9. Chapter Summary & Connections

What we covered:

  • Hash tables use hash(key) % size; prime table sizes reduce collision clustering

  • RSA relies entirely on modular exponentiation; correctness follows from Euler’s theorem

  • Ring buffers implement infinite-tape semantics with finite memory via mod indexing

  • Rolling hashes enable O(n) substring search by updating hash in O(1) using mod arithmetic

  • All of these are the same mathematical operation applied to different problems

Backward connection:
RSA decryption correctness relies on Euler’s theorem and modular inverses (ch031–ch032).

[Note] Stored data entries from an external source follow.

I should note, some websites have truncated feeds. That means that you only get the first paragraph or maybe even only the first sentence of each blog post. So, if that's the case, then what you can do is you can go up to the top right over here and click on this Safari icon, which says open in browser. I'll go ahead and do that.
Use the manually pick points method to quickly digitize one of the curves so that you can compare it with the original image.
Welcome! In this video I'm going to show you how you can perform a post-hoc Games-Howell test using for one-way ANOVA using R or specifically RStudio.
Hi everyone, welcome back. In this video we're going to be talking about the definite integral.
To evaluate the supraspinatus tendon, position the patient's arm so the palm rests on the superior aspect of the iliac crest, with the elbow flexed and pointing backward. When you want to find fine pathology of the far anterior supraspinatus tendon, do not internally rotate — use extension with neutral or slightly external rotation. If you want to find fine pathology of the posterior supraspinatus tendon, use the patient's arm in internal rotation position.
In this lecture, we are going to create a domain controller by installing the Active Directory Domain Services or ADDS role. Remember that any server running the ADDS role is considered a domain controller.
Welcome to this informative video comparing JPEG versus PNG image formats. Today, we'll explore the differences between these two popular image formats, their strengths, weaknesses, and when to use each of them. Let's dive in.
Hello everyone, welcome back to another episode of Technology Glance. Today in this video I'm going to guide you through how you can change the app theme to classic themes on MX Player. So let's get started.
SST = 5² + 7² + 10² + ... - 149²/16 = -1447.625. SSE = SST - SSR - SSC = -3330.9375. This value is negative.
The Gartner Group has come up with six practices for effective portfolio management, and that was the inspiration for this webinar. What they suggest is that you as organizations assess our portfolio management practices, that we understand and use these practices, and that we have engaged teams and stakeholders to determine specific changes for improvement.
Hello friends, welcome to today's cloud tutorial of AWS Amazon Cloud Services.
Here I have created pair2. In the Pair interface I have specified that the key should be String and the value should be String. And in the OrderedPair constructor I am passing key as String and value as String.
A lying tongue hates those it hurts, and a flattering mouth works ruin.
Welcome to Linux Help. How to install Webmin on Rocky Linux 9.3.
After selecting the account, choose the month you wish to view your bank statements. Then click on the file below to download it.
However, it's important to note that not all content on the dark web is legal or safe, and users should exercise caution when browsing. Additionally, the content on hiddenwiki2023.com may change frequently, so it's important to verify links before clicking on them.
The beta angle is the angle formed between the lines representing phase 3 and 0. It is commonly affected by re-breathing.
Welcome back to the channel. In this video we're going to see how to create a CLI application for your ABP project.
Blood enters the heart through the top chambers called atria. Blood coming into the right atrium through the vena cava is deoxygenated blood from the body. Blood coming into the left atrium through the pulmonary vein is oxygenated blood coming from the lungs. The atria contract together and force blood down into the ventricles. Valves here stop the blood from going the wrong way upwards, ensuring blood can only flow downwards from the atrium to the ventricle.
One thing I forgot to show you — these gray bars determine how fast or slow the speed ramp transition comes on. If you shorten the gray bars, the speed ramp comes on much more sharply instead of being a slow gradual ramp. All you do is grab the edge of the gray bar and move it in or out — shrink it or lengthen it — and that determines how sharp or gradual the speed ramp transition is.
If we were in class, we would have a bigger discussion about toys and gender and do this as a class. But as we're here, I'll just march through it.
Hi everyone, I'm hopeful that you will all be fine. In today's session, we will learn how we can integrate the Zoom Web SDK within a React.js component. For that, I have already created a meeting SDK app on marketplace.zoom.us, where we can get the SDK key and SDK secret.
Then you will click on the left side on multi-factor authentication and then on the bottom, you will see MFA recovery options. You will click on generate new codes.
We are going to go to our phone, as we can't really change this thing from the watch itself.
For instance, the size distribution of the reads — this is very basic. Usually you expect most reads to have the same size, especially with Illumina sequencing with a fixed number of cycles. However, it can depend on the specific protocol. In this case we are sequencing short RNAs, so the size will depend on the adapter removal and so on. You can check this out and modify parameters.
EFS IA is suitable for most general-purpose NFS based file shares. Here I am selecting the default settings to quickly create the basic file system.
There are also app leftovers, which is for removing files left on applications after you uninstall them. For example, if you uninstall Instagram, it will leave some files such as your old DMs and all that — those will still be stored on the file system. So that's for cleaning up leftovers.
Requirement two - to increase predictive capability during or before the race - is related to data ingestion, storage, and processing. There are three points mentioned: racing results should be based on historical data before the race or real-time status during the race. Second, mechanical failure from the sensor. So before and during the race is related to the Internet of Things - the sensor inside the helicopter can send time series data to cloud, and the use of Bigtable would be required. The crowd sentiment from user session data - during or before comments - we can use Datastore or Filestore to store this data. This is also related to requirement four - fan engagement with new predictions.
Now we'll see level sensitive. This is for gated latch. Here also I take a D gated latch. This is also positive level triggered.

Without those, the algorithm is a magic trick without an explanation.

Forward connections:

  • Polynomial hashing (this chapter) reappears in ch246 — Random Variables, where we analyze the expected number of collisions formally

  • The ring buffer pattern reappears in ch086 — Discrete Dynamical Systems as a computational structure for storing system history

  • RSA’s reliance on large prime products connects directly to ch028 — Prime Numbers and sets the stage for the full cryptographic treatment in number theory courses beyond this book

Going deeper: Study the birthday paradox (ch243) to understand why hash collision probability grows quadratically in load factor, and why prime table sizes matter less than you’d expect with a good hash function.